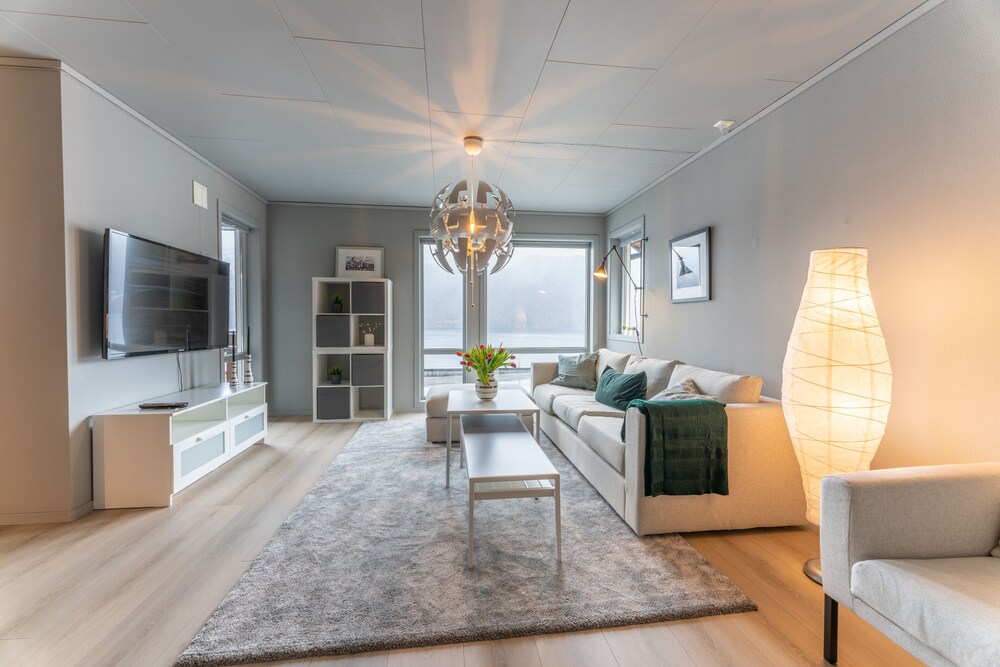 Langfoss — 4-Star Luxury Hotel in Etne, Norway
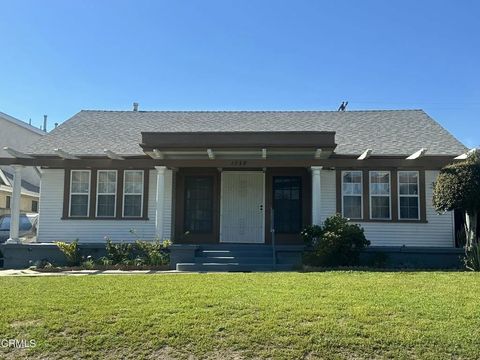 Photo of 1139 N Heliotrope Drive, Los Angeles, CA 90029 (MLS # P1-26194)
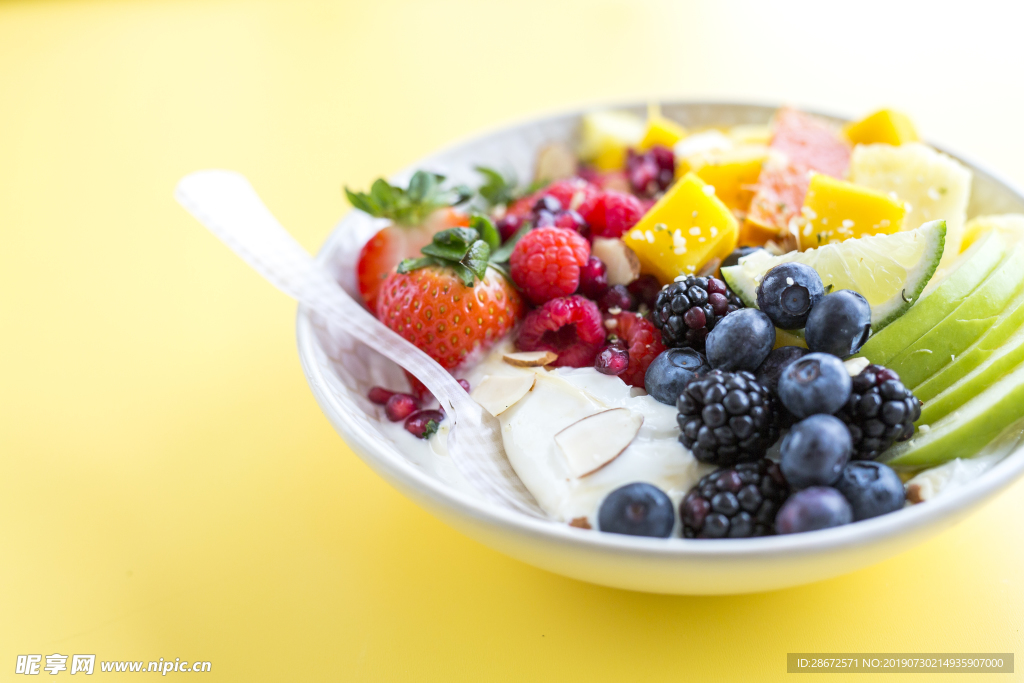 果盘 草莓 蓝莓 桑葚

# [Exercise aim]
Everything from the line with "Photo of 1139" through the end of the listing above, both ends included, should be set down exactly; copy nothing else, and skip the pictures.

# [Your response]
 Photo of 1139 N Heliotrope Drive, Los Angeles, CA 90029 (MLS # P1-26194)
 果盘 草莓 蓝莓 桑葚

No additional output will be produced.